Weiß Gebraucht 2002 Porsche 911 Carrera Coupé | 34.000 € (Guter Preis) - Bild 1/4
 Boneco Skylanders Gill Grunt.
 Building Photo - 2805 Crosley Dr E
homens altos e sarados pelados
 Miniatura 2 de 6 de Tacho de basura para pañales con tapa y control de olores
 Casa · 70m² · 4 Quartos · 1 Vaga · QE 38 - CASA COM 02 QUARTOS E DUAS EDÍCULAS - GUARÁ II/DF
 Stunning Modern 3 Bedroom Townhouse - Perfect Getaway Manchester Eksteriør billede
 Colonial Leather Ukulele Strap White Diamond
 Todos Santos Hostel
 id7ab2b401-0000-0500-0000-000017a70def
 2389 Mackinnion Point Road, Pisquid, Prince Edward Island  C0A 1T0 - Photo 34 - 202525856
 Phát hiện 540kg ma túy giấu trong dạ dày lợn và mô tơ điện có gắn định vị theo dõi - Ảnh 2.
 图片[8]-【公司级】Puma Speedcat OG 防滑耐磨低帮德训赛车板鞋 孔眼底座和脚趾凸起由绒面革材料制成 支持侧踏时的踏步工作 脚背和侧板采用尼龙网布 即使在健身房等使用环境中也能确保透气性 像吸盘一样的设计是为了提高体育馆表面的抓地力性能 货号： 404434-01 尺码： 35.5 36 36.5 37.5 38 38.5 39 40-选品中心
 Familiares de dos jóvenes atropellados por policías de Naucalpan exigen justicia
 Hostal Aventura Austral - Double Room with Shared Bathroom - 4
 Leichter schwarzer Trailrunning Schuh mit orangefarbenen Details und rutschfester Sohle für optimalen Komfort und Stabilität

WHAT IS EXPECTED:
Locate the word "Photo" in the entries, and copy every line where it is found.

RESPONSE TO THE TASK:
 Building Photo - 2805 Crosley Dr E
 2389 Mackinnion Point Road, Pisquid, Prince Edward Island  C0A 1T0 - Photo 34 - 202525856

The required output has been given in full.